* **Problem to work on**:
Look through the material below. Return exactly the lines from the one with "5821 Mirror Ridge" through the one with "Fine portrait photo", both included.

* **Input for this task**:

☆ ☆ ☆

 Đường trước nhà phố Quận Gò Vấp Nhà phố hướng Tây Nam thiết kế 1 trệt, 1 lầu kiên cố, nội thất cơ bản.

☆ ☆ ☆

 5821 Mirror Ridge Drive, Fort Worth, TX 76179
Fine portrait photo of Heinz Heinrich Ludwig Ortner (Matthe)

☆ ☆ ☆

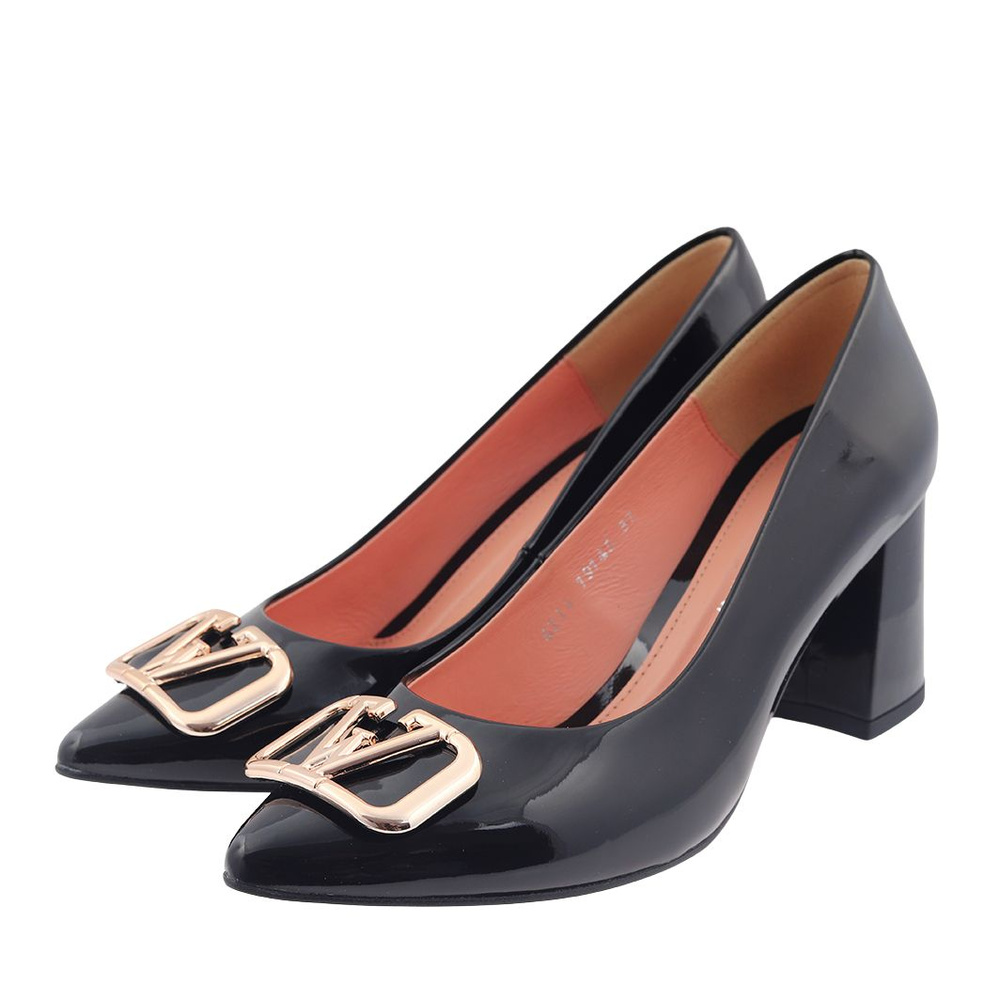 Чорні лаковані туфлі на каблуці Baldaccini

☆ ☆ ☆

* **Reply to the task**:
 5821 Mirror Ridge Drive, Fort Worth, TX 76179
Fine portrait photo of Heinz Heinrich Ludwig Ortner (Matthe)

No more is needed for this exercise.